Rupanya, Nabi yang amat mulia itu sudah lebih dulu melihat bayangan sahabatnya. “Hai Abu Dzar,” panggil Nabi, “kemarilah…” Dalam jenak, Abu Dzar pun mendatangi Nabi. Bergegas.
“Aku tidak merasa bahagia,” sabda Nabi setelah Abu Dzar berada di dekatnya, “ketika suatu ketika diberi emas sebesar gunung Uhud ini, lalu dalam tiga hari berlalu masih tersisa padaku satu dinar saja.”
Jika Rasulullah memiliki emas sebesar gunung Uhud, beliau akan membagikan seluruhnya dan tidak akan merasa tenang jika masih tersisa satu dinar pun setelah tiga hari. Kemudian, jika memang masih tersisa, “Kecuali akan kugunakan untuk melunasi hutang, melainkan akan kubagi-bagi kepada hamba Allah seperti ini, seperti ini, dan seperti ini.”
Beliau mengatakan ‘seperti ini’ tiga kali sembari mengisyaratkan tangannya ke sebelah kanan, kiri, dan belakang.
“Sesungguhnya,” lanjut beliau seraya melanjutkan perjalanan, “orang-orang kaya akan menjadi miskin di Hari Kiamat, kecuali yang memerintahkan untuk membagikan hartanya seperti ini, seperti ini, dan seperti ini.”
“Akan tetapi,” pungkas beliau sebagaimana dikutip oleh Dr. Nawwaf Takruri dalam Keajaiban Jihad Harta, “Sungguh sedikit orang yang seperti itu.”
Dalam riwayat yang lain, beliau telah ditawari perbendaharaan harta. Tetapi, beliau menolaknya sebab tak ingin menukar akhirat dengan harta dunia yang diibaratkan seperti sayap seekor nyamuk. Padahal, jika pun mau, beliau pasti akan membagi-bagikannya kepada kaum Muslimin.

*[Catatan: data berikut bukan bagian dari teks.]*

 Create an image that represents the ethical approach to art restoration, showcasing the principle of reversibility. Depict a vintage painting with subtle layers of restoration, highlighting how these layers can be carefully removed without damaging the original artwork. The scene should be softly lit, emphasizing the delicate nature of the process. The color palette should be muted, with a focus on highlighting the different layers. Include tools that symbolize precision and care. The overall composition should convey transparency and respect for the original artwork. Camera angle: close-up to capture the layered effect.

Karenanya, kita mendapati sosok teladan ini dalam keadaan tak berharta di akhir hayatnya. Bahkan sekeping dinar yang masih dimilikinya menjelang wafat masih diingat dan diperintahkan kepada keluarganya agar segera disedekahkan kepada yang berhak. Padahal, beliau berhak atas harta rampasan perang yang nilainya seperlima dari keseluruhan harta rampasan.

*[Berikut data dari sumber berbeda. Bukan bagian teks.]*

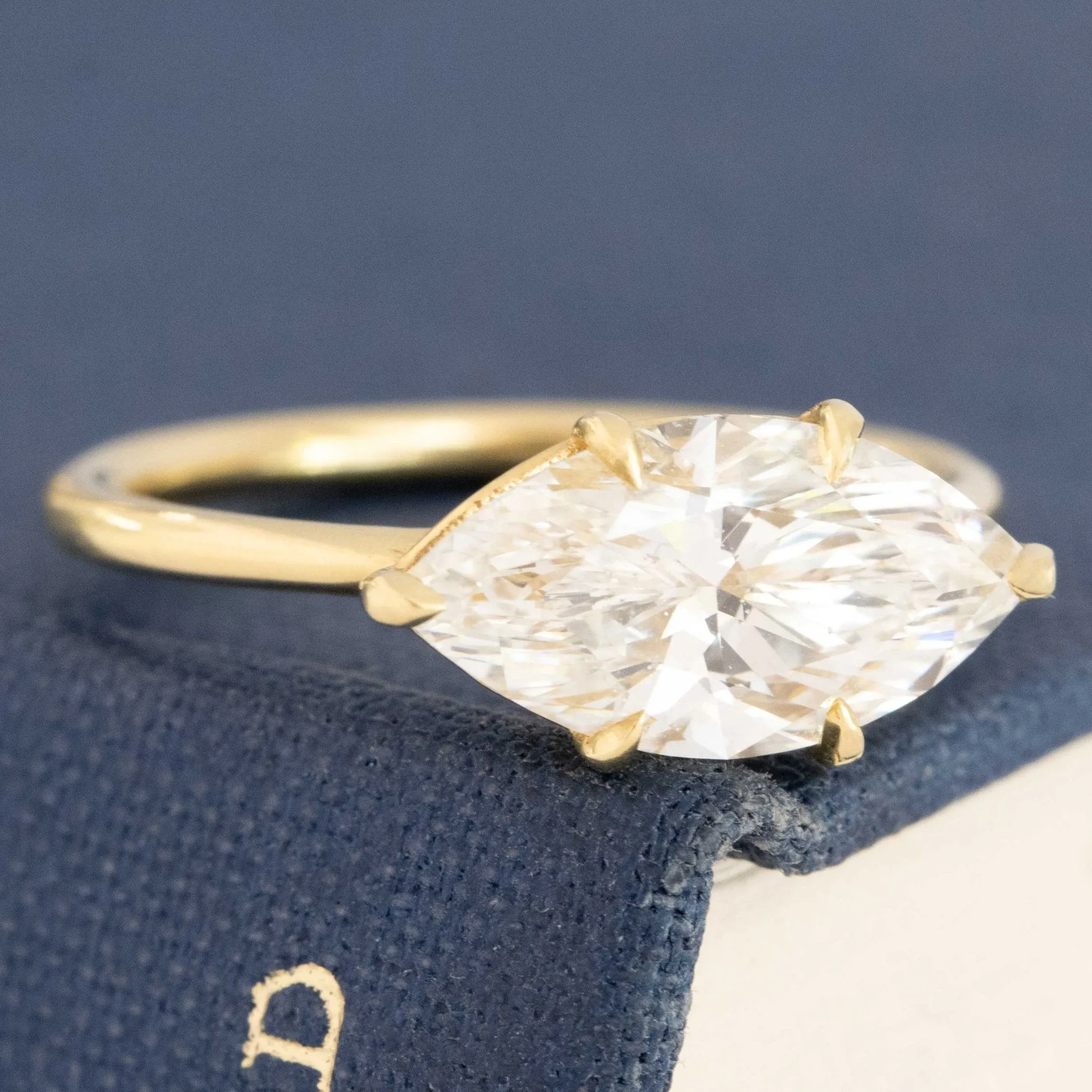 2.35ctw Marquise Cut Diamond Hidden Halo Solitaire, GIA I SI2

Padahal, Nabi menolak harta. Bukan miskin, tetapi memilih miskin. Bukankah seperlima harta rampasan perang jumlahnya sangat banyak? Tetapi, beliau menghamparkannya di tanah lapang dan diberikan kepada siapa yang berhak dan mau.
Demikian itulah teladan yang amat mulia. Tidak gila harta. Jika pun diberi karunia, maka tak akan bertahan lama di sakunya. Segera diinfaqkan kepada yang berhak, tanpa merasa enggan atau bermalas diri.
Lalu kini, keadaan kita amat jauh dari sunnah mulia tersebut. Banyak orang kaya, tetapi sedikit yang berbagi. Melimpah orang berharta, tapi sedikit yang mengamalkannya di jalan dakwah.
Maka menjadi kaya tidaklah penting jika ukurannya jumlah harta di dalam rekening. Kaya sejatinya ada pada hati, dan parameternya ada pada seberapa banyak harta yang kita manfaatkan di jalan Allah Ta’ala. [Pirman/Kisahikmah]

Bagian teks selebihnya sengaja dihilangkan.